What are the contraindications for emergency contraception?
Both pills and an intrauterine device are suitable for any woman: there are no absolute age restrictions, there are no requirements for the postponed childbirth - emergency contraception is also suitable for those who have not given birth. However, there are conditions in which it is impossible to install an intrauterine device, the doctor decides on the installation.
The effectiveness of the pills may depend not only on the day of administration, but also on the woman's weight: drugs based on levonogestrel may not work if the weight exceeds 70 kg.
How does emergency contraception affect health?
Emergency contraceptive pills are surrounded by many myths: some say that they will cause serious hormonal disruption, leading to a complete disruption of the cycle and even infertility.
In reality, this is not the case.Yes, the body will receive, along with the pills, a fairly large dose of hormones at a time, but this will only cause short-term similar effects: menstruation will begin at a different time and, most likely, will be more abundant and painful.
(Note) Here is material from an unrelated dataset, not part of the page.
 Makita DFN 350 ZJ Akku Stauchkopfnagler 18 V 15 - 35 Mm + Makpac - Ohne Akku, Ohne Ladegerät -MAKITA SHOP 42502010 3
In addition, the chest will swell and begin to ache, headaches, abdominal pains, nausea and weakness may occur.
You should see a doctor if …
- … you still suspect pregnancy;
- … symptoms persist for several days;
- … your period is more than 7 days late;
- … you feel pain in the lower abdomen - this could be a sign of an ectopic pregnancy.
How often can emergency contraception be used?
You can take pills no more than once per menstrual cycle, otherwise the dose of hormones may indeed be too large and cause serious changes in the condition.
In any case, emergency contraception is also emergency, which can be used only in exceptional cases, and not on a regular basis. In addition, it is important to remember that this method is only suitable for preventing unwanted pregnancies, but will not protect against sexually transmitted diseases.